Les travailleurs temporaires, généralement très jeunes (75% ont entre 18 et 39 ans selon le recensement de 2021) et hautement scolarisés (60% ont un diplôme universitaire) sont très recherchés sur le marché de l’emploi, ajoute M. Boudarbat.
Malgré tout, l’immigration temporaire entraîne son lot de défis d’intégration, nuance-t-il. Les compétences et les qualifications des travailleurs étrangers sont souvent non reconnues, et ces derniers sont souvent victimes de discrimination. De plus, la concentration géographique des immigrants dans les grandes villes est problématique, puisque la pénurie de main-d’œuvre se fait ressentir dans toutes les régions, poursuit-il.
«Dans quelle mesure le Canada et le Québec tirent-ils avantage de cette manne de main-d’œuvre et utilisent-ils pleinement leur potentiel et leurs compétences?», s’interroge l’expert.
Les services publics sous pression
Lorsque la population augmente, «peu importe que ça vienne de la natalité, de l’immigration permanente, ou de l’immigration temporaire», la pression sur les services et les infrastructures augmente en conséquence, souligne Brahim Boudarbat.
«Des augmentations brusques et fortes, ça réduit le temps nécessaire pour s’ajuster. Par conséquent, ça amène des problématiques comme on est en train de le constater au niveau des logements, des garderies et des hôpitaux», affirme-t-il.
Gilles Grenier, comme Brahim Boudarbat, pense que le Canada bénéficierait d’un meilleur contrôle de l’immigration temporaire. Les travailleurs temporaires comblent certains besoins de main-d’œuvre dans le secteur privé à court terme, affirme-t-il. Cependant, ces travailleurs et les personnes à leur charge nécessitent également des services publics, accentuant la demande de main-d’œuvre dans des domaines comme la santé et l’éducation, explique le professeur. Contrairement à ce que certains disent, l’immigration n’est pas la solution à la pénurie de main-d’œuvre à long terme.»

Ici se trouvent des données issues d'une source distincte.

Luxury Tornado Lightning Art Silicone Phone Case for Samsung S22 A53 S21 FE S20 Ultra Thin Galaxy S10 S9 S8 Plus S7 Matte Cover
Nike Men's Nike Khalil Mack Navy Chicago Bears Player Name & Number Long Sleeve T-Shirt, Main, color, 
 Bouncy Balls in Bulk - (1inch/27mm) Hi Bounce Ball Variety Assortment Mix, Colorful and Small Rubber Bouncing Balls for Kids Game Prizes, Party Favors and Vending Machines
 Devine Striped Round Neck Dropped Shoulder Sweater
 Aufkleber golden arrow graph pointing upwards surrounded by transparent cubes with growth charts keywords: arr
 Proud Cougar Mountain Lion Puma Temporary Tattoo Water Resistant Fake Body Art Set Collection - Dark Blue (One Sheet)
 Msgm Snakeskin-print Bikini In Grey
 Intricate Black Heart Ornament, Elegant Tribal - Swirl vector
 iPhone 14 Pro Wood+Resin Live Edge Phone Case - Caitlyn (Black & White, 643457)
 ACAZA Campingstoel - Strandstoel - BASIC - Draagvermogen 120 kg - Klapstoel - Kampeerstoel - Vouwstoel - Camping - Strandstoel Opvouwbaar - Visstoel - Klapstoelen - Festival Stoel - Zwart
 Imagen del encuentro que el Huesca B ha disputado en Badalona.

Avec une croissance de 2,9% de sa population totale dans la dernière année, le Canada est en tête des pays du G7 et se classe parmi les 20 premiers pays à l’échelle planétaire pour l’accroissement géographique, selon Statistique Canada. Un rythme «insoutenable», alors que la croissance démographique se chiffrait plutôt autour de 1% par année dans les dernières décennies, estime Gilles Grenier.
Par ailleurs, le chercheur craint une explosion des délais administratifs pour traiter les dossiers des immigrants qui veulent obtenir la résidence permanente, que plusieurs se font refuser alors qu’ils sont au pays depuis plusieurs années déjà. «Le gouvernement fédéral a des cibles d’immigration tellement élevées qu’il n’arrive pas à administrer le système efficacement», dénonce-t-il.
Des considérations éthiques
L’immigration temporaire entraîne «son lot de considérations éthiques», souligne Brahim Boudarbat. Chaque fois qu’on amène un travailleur étranger ici, on le retire à un autre pays qui en a souvent besoin, note-t-il. «Il faut se demander si on n’est pas en train de développer un pays sur le plan social et économique sur le dos d’un autre», affirme-t-il.
Les travailleurs temporaires, qui connaissent généralement moins leurs droits, ont également tendance à accepter des conditions de travail moins satisfaisantes, poursuit-il. «Ça ouvre la porte à l’exploitation.»
De plus, le gouvernement fédéral devrait «se projeter un peu plus loin» pour sa planification, selon lui. «Ça va très bien maintenant sur le marché de l’emploi, mais qu’est-ce qui se passe si une récession arrive et que le taux de chômage augmente?», se demande-t-il. On sait que lorsque la situation se détériore sur le marché de l’emploi, les premiers qui écopent ce sont les travailleurs temporaires et les immigrants.»